What you are asked to do
Return, from the material below, each line in which "Chapter" occurs.

Data extract
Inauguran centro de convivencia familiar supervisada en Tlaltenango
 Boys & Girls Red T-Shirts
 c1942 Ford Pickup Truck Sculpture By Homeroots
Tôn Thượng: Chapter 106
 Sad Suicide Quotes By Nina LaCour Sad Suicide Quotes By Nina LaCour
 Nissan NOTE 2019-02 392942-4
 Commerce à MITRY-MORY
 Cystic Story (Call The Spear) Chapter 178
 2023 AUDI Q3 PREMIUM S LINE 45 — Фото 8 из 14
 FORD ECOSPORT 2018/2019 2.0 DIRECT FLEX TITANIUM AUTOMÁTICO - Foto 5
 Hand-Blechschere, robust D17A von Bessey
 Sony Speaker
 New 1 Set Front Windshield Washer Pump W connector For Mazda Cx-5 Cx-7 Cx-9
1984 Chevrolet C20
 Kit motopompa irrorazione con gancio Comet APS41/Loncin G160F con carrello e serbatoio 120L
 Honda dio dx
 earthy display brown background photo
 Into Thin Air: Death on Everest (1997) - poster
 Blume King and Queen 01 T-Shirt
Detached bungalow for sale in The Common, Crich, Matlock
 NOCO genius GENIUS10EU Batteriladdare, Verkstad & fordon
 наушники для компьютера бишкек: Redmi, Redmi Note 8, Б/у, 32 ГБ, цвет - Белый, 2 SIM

Exercise response
Tôn Thượng: Chapter 106
 Cystic Story (Call The Spear) Chapter 178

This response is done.